# too strong a filter?



## xriddler (Feb 16, 2012)

I was wondering if pairing a 7g starfire tank with an aq30 be too much flow for shrimps with tahitian moon sand substrate.


----------



## coldmantis (Apr 5, 2010)

I use an eheim 2213 and the flow is just about right on my 7.5g ai starfire tank

Sent from my Galaxy Nexus using Tapatalk 2


----------



## AquaInspiration (Jul 3, 2010)

May be, depends on how you regulate the flow. For example, installing spray bars would be an option to reduce flow.
There is no such thing as too strong, but there is such a thing as too much flow (bad for shrimp, triggers certain algae growth). Hope that answers a few concerns 

AI


----------



## xriddler (Feb 16, 2012)

So would the aquaclear 30 be too much flow for the 7 gallon tank than?

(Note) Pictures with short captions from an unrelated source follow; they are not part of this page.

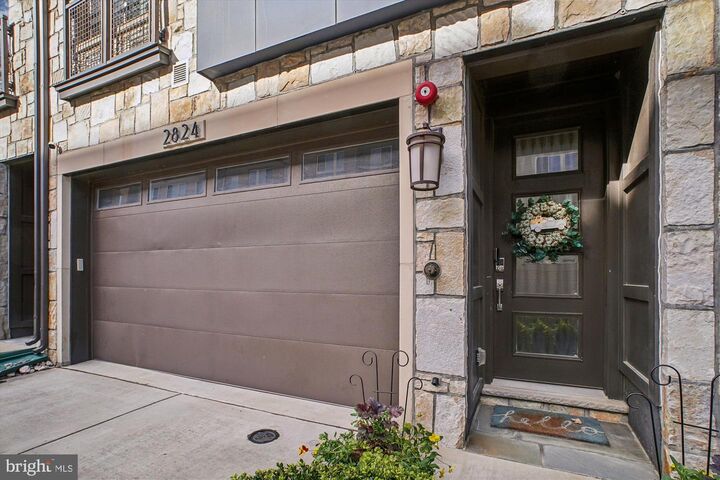 Property Photo: 2824 Red Star Lane VA 22303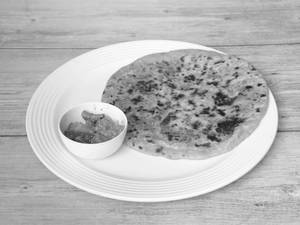 Aloo Paratha With Raita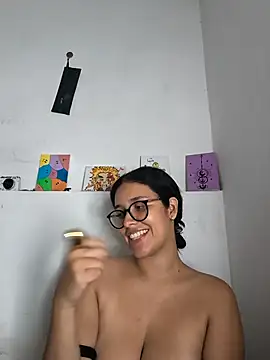 Annya-sweet Show in webcam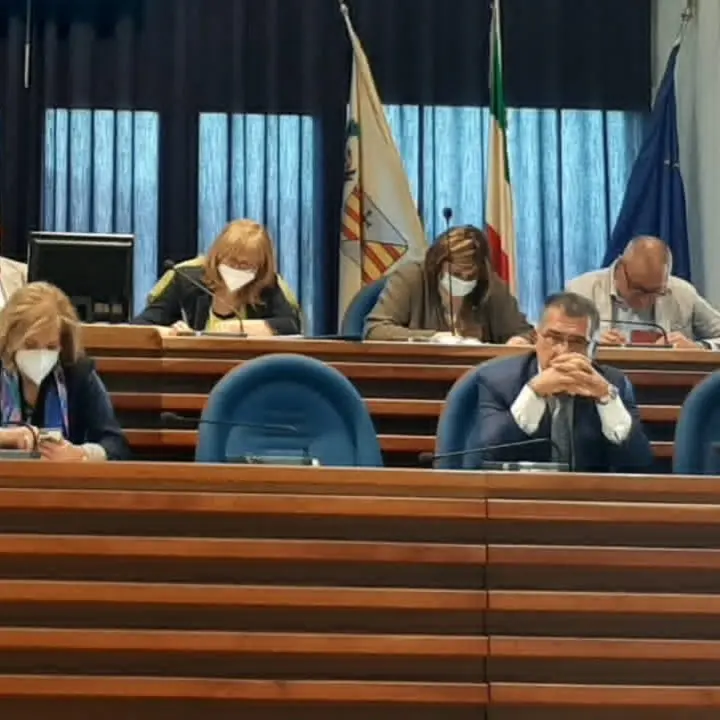 Comune Catanzaro, la sfida fra i consiglieri Costanzo e Pisano infiamma l'Aula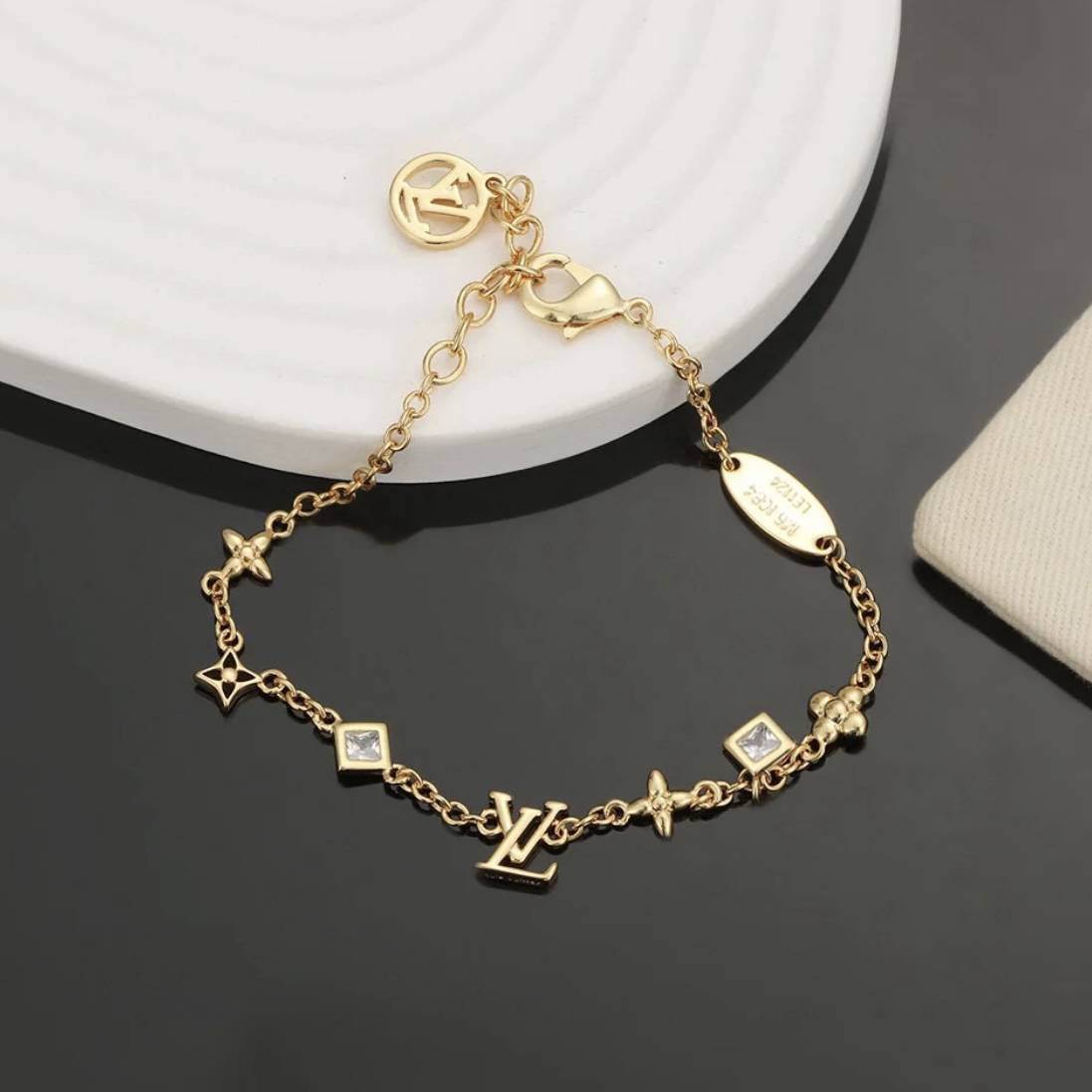 18k”lv金方鑽奢華小老花字母 定製多元素手鍊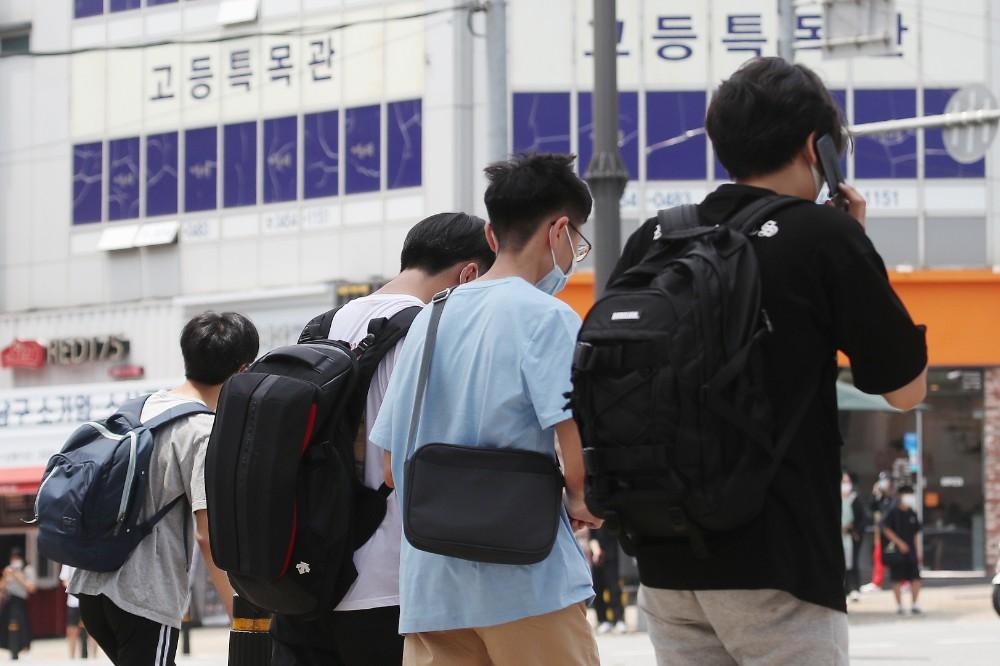 우울한 한국 불평등 현주소…성인 72% “성공은 노력보다 배경”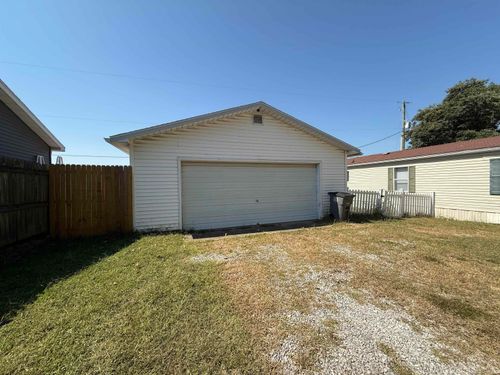 3015 Benjamin Ln, Vincennes, IN, 47591-2528 | Card Image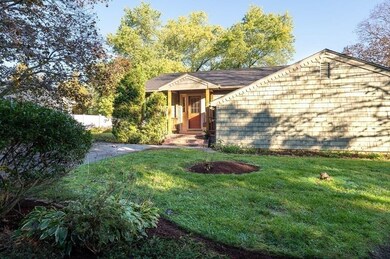 9 Maple Cir, Westborough, MA 01581 - photo 4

@cold: thanks cold but you angle your flow to the top, right? does it create a whirlpool effect for you? because im using sand substrate im scared that the
aq30 would push up alot of sand all the time.


----------



## coldmantis (Apr 5, 2010)

xriddler said:


> So would the aquaclear 30 be too much flow for the 7 gallon tank than?
> 
> @cold: thanks cold but you angle your flow to the top, right? does it create a whirlpool effect for you? because im using sand substrate im scared that the
> aq30 would push up alot of sand all the time.

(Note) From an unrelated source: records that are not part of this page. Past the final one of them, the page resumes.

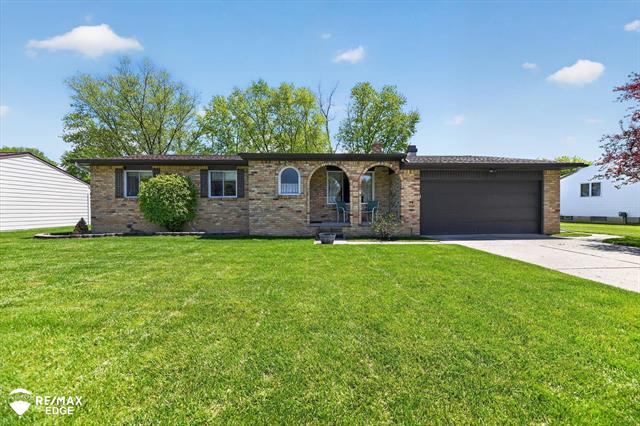front view picture of 2054 Hardwood Drive, Davison, MI. 48423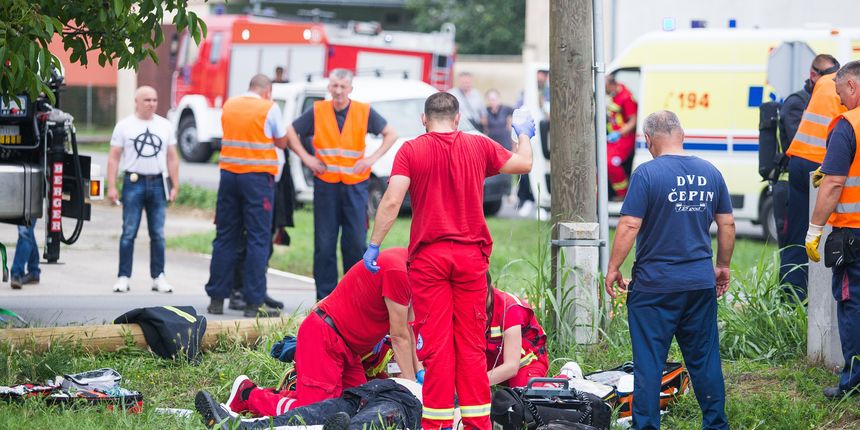 Uznemirujuće fotografije: Dvojica djelatnika Vodovoda smrtno stradala u Čepinu!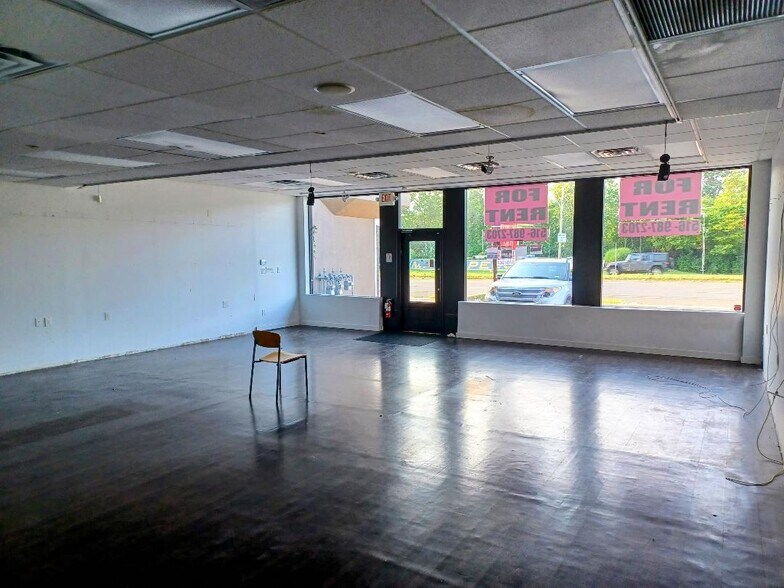 4736 Sunrise Hwy Massapequa Park NY 11762 T Mobile Side is for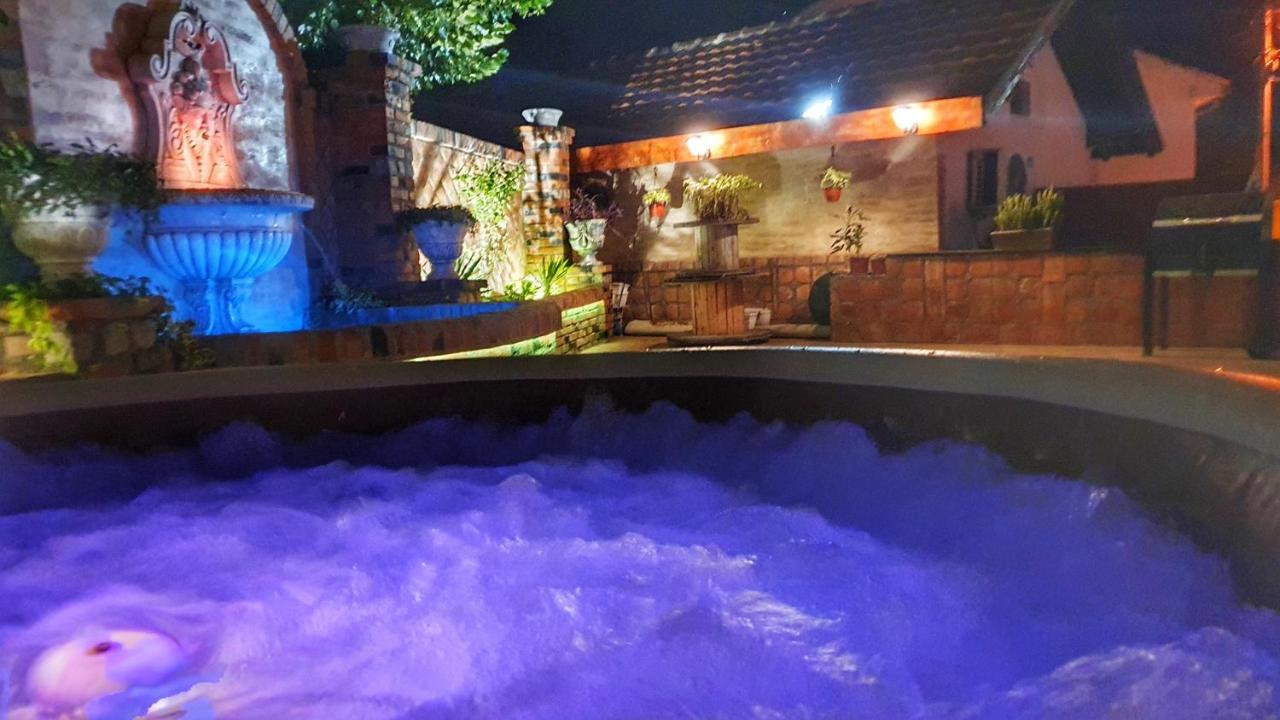 Castello Inn Smederevska Palanka Екстер'єр фото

actually I angle straight because I inject co2 in the tank, there is so little flow on top that I get oil buildup.


----------



## Fishfur (Mar 4, 2012)

If you put a cover on the intake, and adjust the top of the intake for the lowest flow, it should be ok. Just push the top of the intake as far to the right as it will go. I've got the moonsand in a tank with a small filter than puts out a surprisingly strong current, doesn't bother the sand at all. I'll grant, the water flow is pretty much straight outward, not downward. And AC's don't really go straight down either.. they go forward and then downward on an angle, but it does depend on how you set the output. On the lowest setting they are much softer.

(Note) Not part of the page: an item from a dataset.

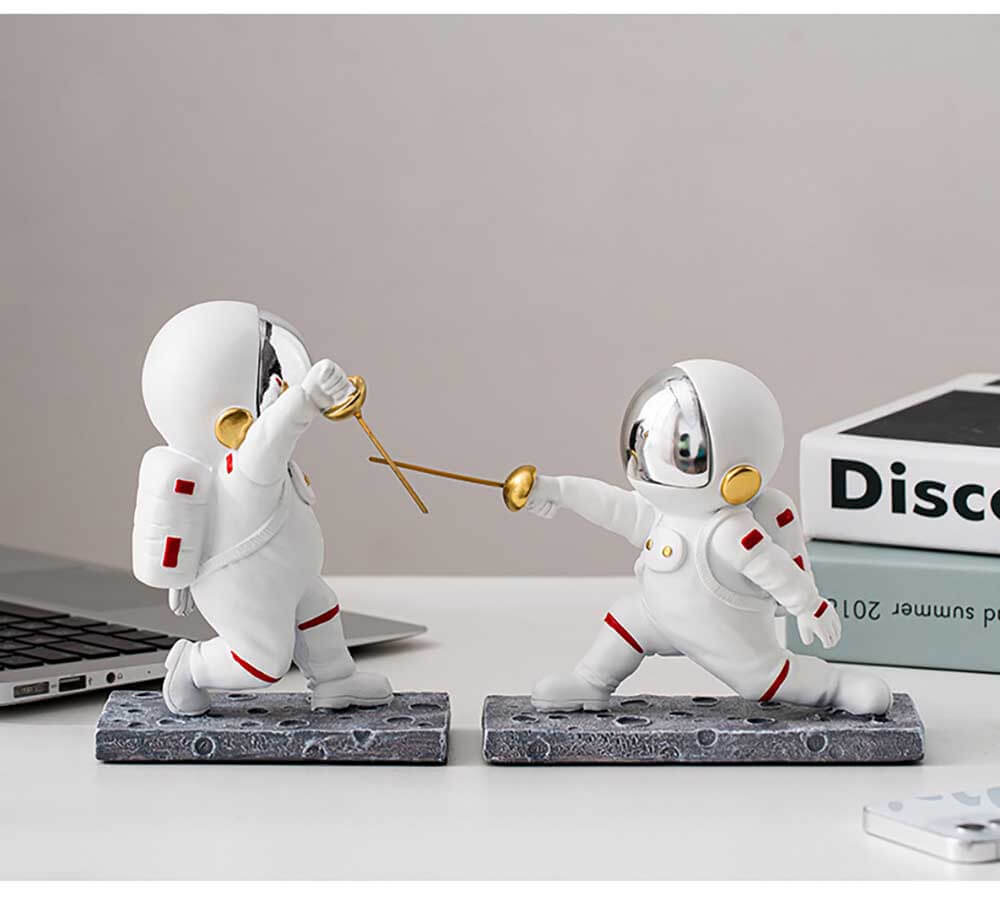LEONARK Fencing Astronaut Statue Spaceman Figurine - Souvenir Present Collection Gift for Fencers (Attack)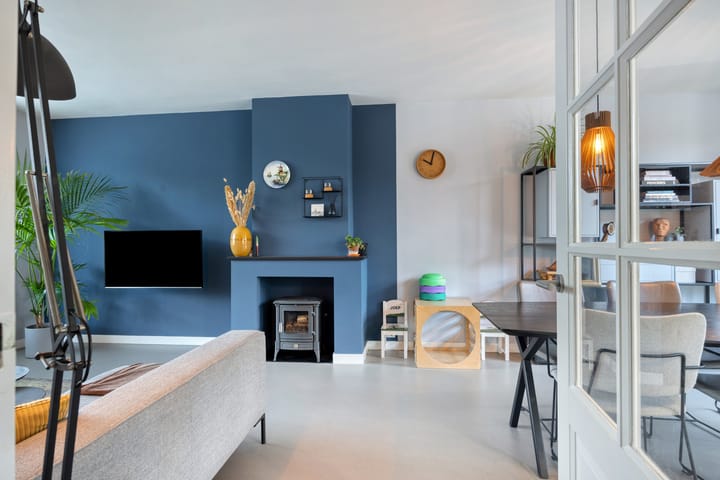 Photo 4 of Van Oldenielstraat 49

If you keep the tank's water level high enough to prevent the water actually falling through air, I don't think you'll have much trouble. I actually have an AC mini on a 2.5G tank.. no issues with it at all, though the intake tube does about hit bottom. I have a SS mesh cover on it to keep the critters from being sucked up. And my AC70's, which are running full bore on larger tanks, don't disturb the water very much below 10 inches of depth, and they are much stronger than a 30.


----------